Railway station in Raseborg, Finland

The Skogby railway station (Skogby järnvägsstation, Skogbyn rautatieasema) is located in the town of Raseborg (formerly the municipality of Tenala), Finland, in the village of Skogby. It is located along the Karis–Hanko railway, and its neighboring stations are Lappohja in the west and Ekenäs in the east.

== History ==
As the Karis–Hanko railway line was completed, there was a blast furnace, established already in the 17th century, active in the village of Skogby until 1904. A sawmill was established near the location of the Skogby station in 1889 and it had a network of narrow-gauge railway tracks.

Skogby railway station was opened on September 15, 1931. When the Hanko Peninsula was leased to the Soviet Union in 1940, Skogby acted as the terminus of the railway line.
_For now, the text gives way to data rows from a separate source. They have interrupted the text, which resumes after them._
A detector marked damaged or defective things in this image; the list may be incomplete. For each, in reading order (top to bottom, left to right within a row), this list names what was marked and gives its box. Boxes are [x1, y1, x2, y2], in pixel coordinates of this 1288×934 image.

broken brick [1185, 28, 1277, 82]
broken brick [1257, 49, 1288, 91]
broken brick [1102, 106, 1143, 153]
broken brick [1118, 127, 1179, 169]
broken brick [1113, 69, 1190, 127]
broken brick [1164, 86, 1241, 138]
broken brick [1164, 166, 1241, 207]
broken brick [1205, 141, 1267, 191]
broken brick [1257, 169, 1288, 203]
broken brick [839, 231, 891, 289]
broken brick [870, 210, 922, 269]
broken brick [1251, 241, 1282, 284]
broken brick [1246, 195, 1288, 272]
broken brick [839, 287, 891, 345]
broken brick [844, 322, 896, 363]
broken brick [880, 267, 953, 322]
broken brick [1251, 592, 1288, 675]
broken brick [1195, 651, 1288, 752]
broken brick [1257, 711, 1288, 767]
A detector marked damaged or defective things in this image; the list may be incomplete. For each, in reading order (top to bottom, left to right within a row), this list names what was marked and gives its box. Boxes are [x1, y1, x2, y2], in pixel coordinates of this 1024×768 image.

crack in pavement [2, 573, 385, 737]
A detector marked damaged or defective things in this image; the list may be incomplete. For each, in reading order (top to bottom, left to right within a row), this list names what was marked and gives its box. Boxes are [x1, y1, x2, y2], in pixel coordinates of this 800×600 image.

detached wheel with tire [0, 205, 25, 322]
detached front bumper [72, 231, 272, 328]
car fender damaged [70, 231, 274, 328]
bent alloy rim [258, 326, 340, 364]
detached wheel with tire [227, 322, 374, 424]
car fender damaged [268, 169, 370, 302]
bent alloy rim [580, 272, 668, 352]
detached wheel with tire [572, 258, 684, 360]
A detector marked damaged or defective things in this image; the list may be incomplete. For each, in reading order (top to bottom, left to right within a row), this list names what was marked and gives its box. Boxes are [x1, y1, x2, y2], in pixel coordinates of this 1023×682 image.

When Finland reclaimed the Hanko Peninsula in 1941, train traffic to Skogby ceased to the acts of war in the peninsula. The train traffic to Skogby was restarted in early 1942 and further to Hanko in February of the same year.

Freight traffic at the station ceased in 1964 and the station turned from a seisakevaihde (an unstaffed station for both passenger and freight traffic in the old classification of railway stations in Finland used until 1969) into a halt. The original station building has been demolished and nowadays there is only a small shelter on the platform.

== Services ==
Skogby is served by commuter trains on the Karis–Hanko line.